ISO currencies are normally govt. issued.  The base spec does not have
a specific settlement system.  But one could be built on top.  I'm
thinking about a ripple integration.

> Also, "storage" is an implementation detail. I'm understanding this section
> to be misnamed, as it is about what the transfer looks like on the wire. A
> section title like "JSON-LD Field Names" or whatever the right term from
> JSON-LD jargon is would be better.

they are just key value pairs, sometimes called attribute / value,
sometimes called predicate / object

The storage data structure here is exactly the same as the message
structure, which I think is quite neat.  You store an IOU, you send
someone an IOU.  Summed IOUs give a balance.  A bit like online

> The ID could be explained better. Is it supposed to be unique? Is it how one
> looks up a transfer? To get the URL for a transfer do I append the ID to the
> "context" or what? If all the fields are predictable, a hash of the transfer
> in wire format is not secure.

Yes, agree, that can be fleshed out.  The ID is actually optional, but
having a globally unique identifier is one of the foundational
principles of the web  It allows namespaces and non colliding data

So a web page is a document, inside a document can be data points.
You normally describe it as:

example.com/doc#dataID ... the data ID here is just a unique sha1 sum
... it means it can be used in a foreign key for other workflows etc.
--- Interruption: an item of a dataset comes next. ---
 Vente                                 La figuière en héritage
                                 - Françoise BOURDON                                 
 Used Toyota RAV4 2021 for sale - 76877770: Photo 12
> what is the "context" for? ... oh, that's a JSON-LD thing
> http://json-ld.org/spec/latest/json-ld-syntax/#syntax-tokens-and-keywords
> like "xmlns" in XML. I don't think the -LD stuff is needed at all here: it
> complicates things for no gain.

This is to make things globally unique and non colliding terms.
There's a few other benefits but those are the initial ones.  Imagine
if everyone came up with their own terms and everyone had a spec it
would be kind of chaotic.  The Linked Data part allows web scale

In a way it is the magic sauce.

> It could use  "originator" and "originator-ID" fields, which whoever
> originates this transfer object is responsible for filling in, also a
> "status" field about if this transfer is
> proposed/rejected/approved/completed, there are other statuses that are
> probably needed when using ISO currencies to handle the various states
> between approval and completion.

I thought long and hard about adding state to the object, having
talked to matt slater.  This is the one field they have in LETS that
web credits doesnt have.

I decided not to complicate the core data with this field.

It's perfectly possible to extend the model in JSON to use status
either as member field or to reference this object as a foreign key.
I prefer the foreign key approach in order to keep the base structure
clean and analogous to network theory topology.

> Various expiration-date fields could be added to answer, how long does it
> persist without getting approved, or without getting completed, and how long
> will it be available for access after it has been completed, if it is going
> to get archived where will it be archived to and how long will it be
> retained? a callback URL for rejection, or expiration events, either a
> separate URL for each possible event or another little language for use in
> the callbacks

The next thing to extend is workflows based on the base structure.

Just like in an SQL database one table does not rule them all, but you
an have a base table and build others up around it as they become
needed.  This is also the essence of the web as a giant database.

Finance can explode in complexity quite fast so I thought it would be
an idea to build the smallest useful building block I could imagine,
and demonstrate how it could be used etc.

Hope that helps!

> those are some things it seems like its missing.